**What needs to be done**
Set down each line of the material that follows, exactly, with no pictures.
(Beginning of Information given)
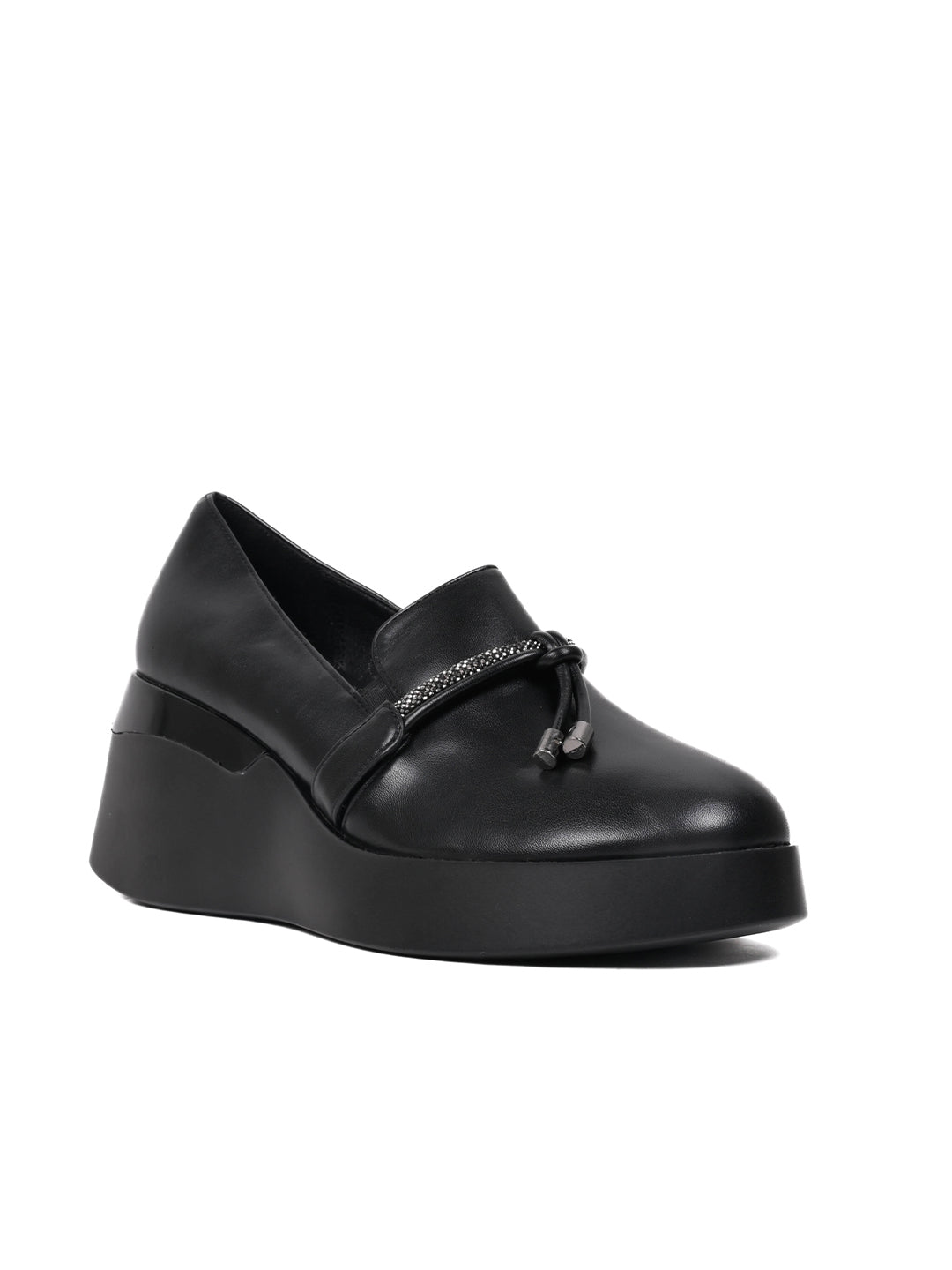 Women, Women Footwear, Black Loafers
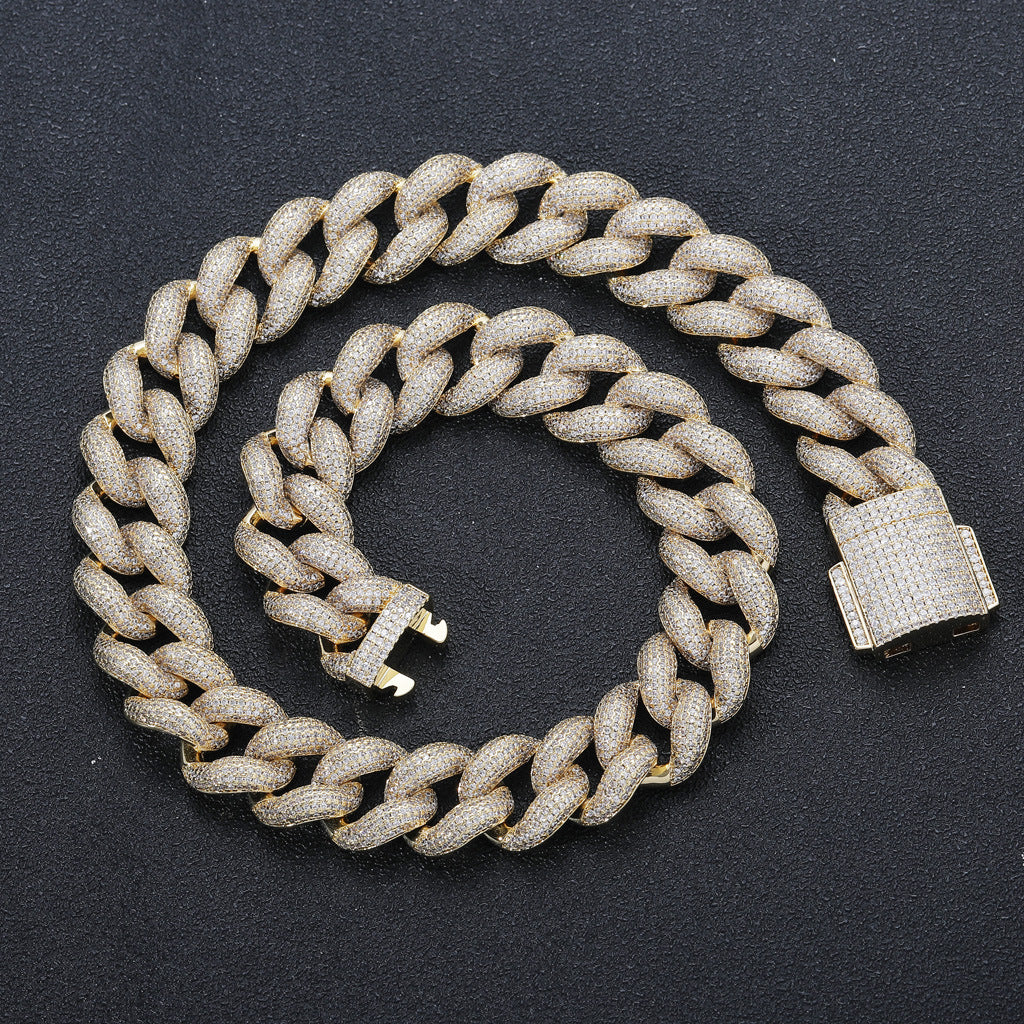 European And American New Hiphop Necklace 18mm Encrypted Bubble Cuban Chain Spring Buckle Full Zircon Domineering Necklace Jewelry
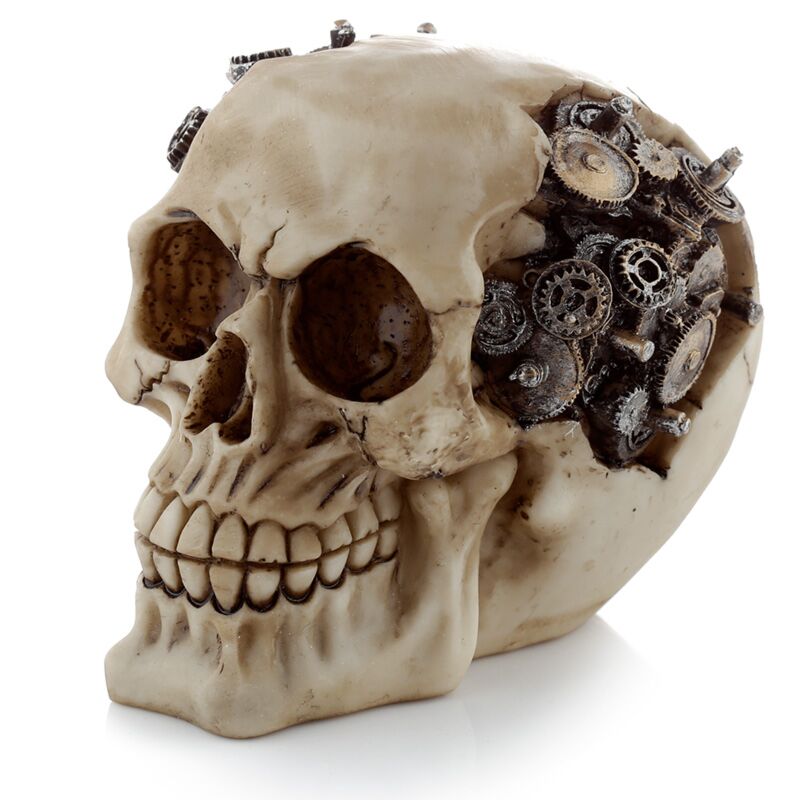 Load image into Gallery viewer, Steam punk stijl schedel met tandwielen woonaccessoire
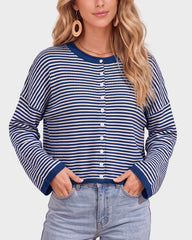 Relaxed Striped Button-Front Knit Cardigan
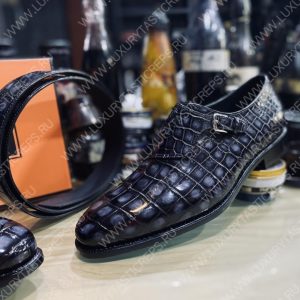 BERLUTI ALESSANDRO DEMESURE ALLIGATOR OXFORD GREY S1412-E2 - Image 5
(End of Information given)
**Exercise solution**
 Women, Women Footwear, Black Loafers
 European And American New Hiphop Necklace 18mm Encrypted Bubble Cuban Chain Spring Buckle Full Zircon Domineering Necklace Jewelry
 Load image into Gallery viewer, Steam punk stijl schedel met tandwielen woonaccessoire
 Relaxed Striped Button-Front Knit Cardigan
 BERLUTI ALESSANDRO DEMESURE ALLIGATOR OXFORD GREY S1412-E2 - Image 5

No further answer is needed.